Is using the block-processing versions as simple as loading the .ldr like a normal module? I’ve got the ‘rawsc’ module compiling but no aleph handy rn.
yes, i’m not sure what state it’s in and AFAIK ‘rawsc’ is the only one using the block processing core. but that’s how it works in theory - changes are all under the hood / in the makefile and the “API” is the same.
Is there any kind of instructions for how to use the bfin_sim
sorry but i’m not sure, rick is the one for this
are there recommendations for how to do profiling of the code to make sure the block processing are outperforming their iterative versions? I know the code can be disassembled (a link on how to would be great!)
to disassemble, something like
bfin-elf-objdump -D foo.o > foo.asm
for profiling, i honestly have stuck to the stupid method of flipping GPIO pins and scoping. this is totally effective, especially with two scope channels or more, but it’s hard to do away from a test bench.
so that said, i haven’t done any real profiling of the block processing code but i’m confident that it will be much faster based on (e.g.) the disassembly.

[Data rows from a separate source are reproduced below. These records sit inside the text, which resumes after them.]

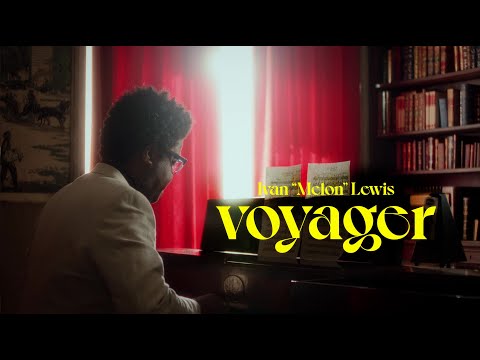 Ivan Melon Lewis - Voyager (Video Oficial)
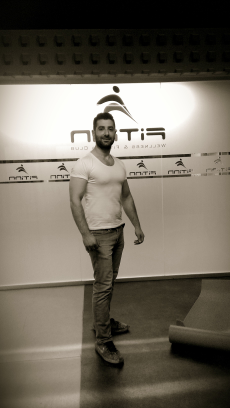 Gokhan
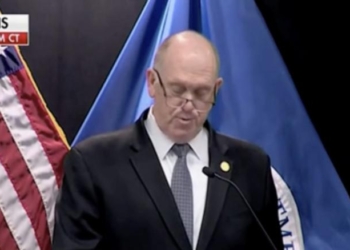Tom Homan Announces End To ICE Surge Operation In Minnesota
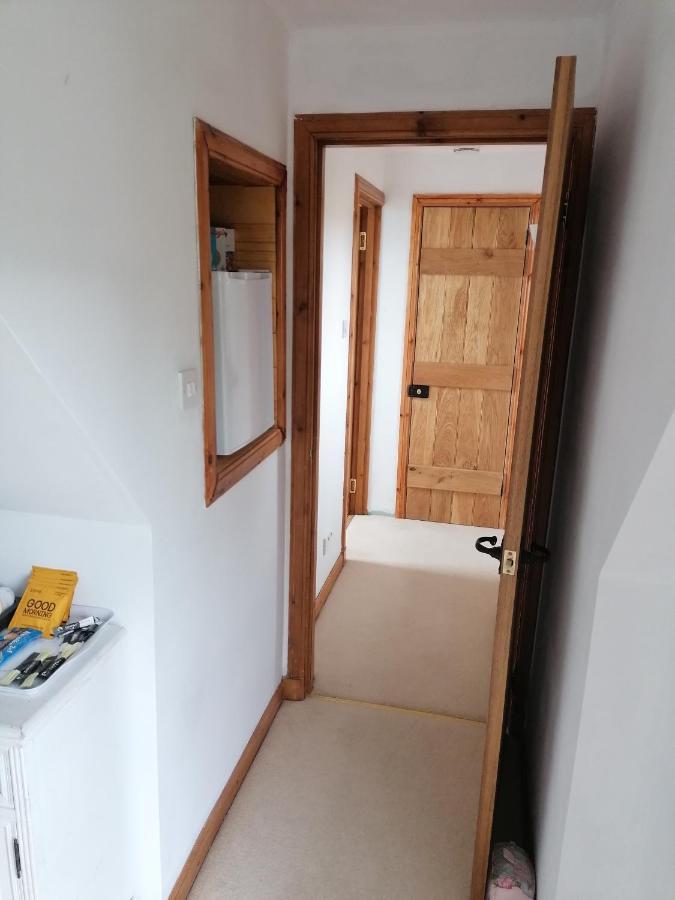 טיין Canterra Cottage מראה חיצוני תמונה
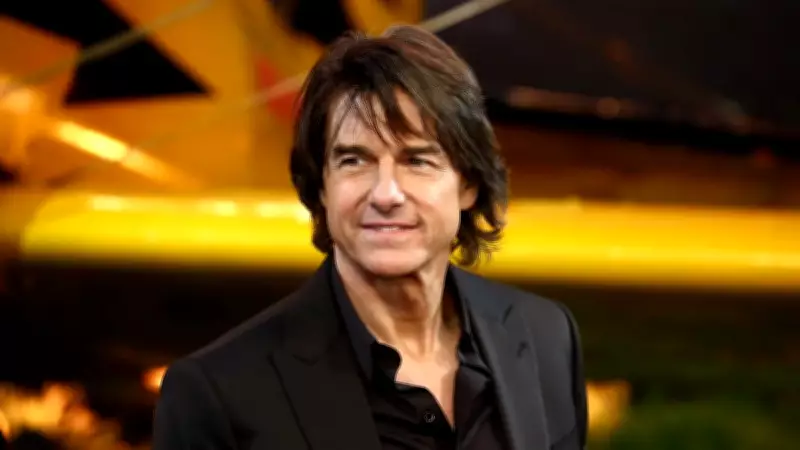 Tom Cruise, Top Gun 3 İçin Tarihi Ücretle Anlaştı: 135 Milyon Dolar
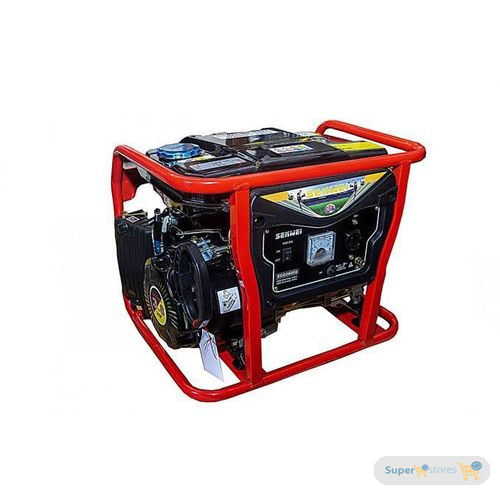 Senwei 18kva Ecology Generator Eco2020s
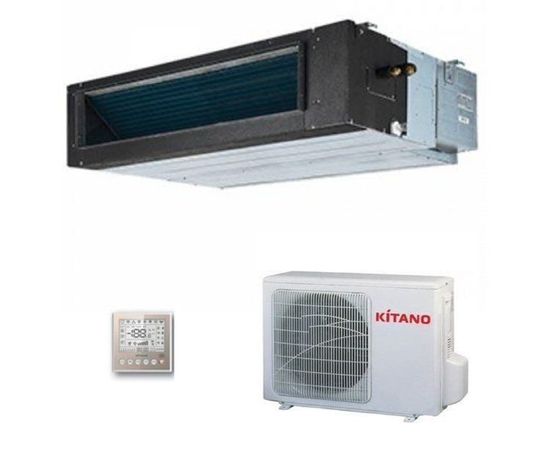 Сплит-система Kitano KC-Roka II+ 60M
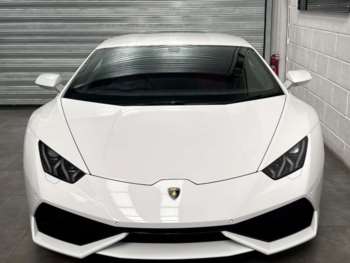 Used Lamborghini Huracan 2015 for sale - 74936562: Photo
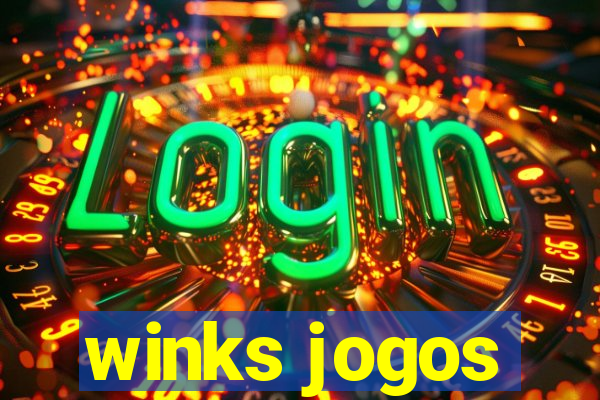 winks jogos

it also should be possible to count cycles and report them back to the avr32. i made one quick attempt at this which did not work (there is a feature branch somewhere), but i’m sure it would be easy for a smart person.
I’m not sure if bf has parallel processing
it probably doesn’t map closely to vectorized DSP unless you happen to be working with 8 bit values. there are 8x 32b data registers, and 2 (parallel) arithmetic units, each of which operates on 2x 16b operands. so single 32b x 32b operations are efficient, as are dual 16b or 4x 8b. details in ch. 2 of the hardware reference.
from the memory access standpoint
the de-facto “default” template for bf533 sets up instruction cache but not data cache. data can be explicitly located in L1 A, L1 B, or L2 (which have different performance characteristics, see the reference above) - in addition to SDRAM which is substantially slower. each module has a custom linker script, so could set data cache in one of those. i haven’t actually explored doing this. linker script examples must be hunted for, i’m afraid.
PS it would be sick to have some more aleph DSP to play with! thanks for considering it.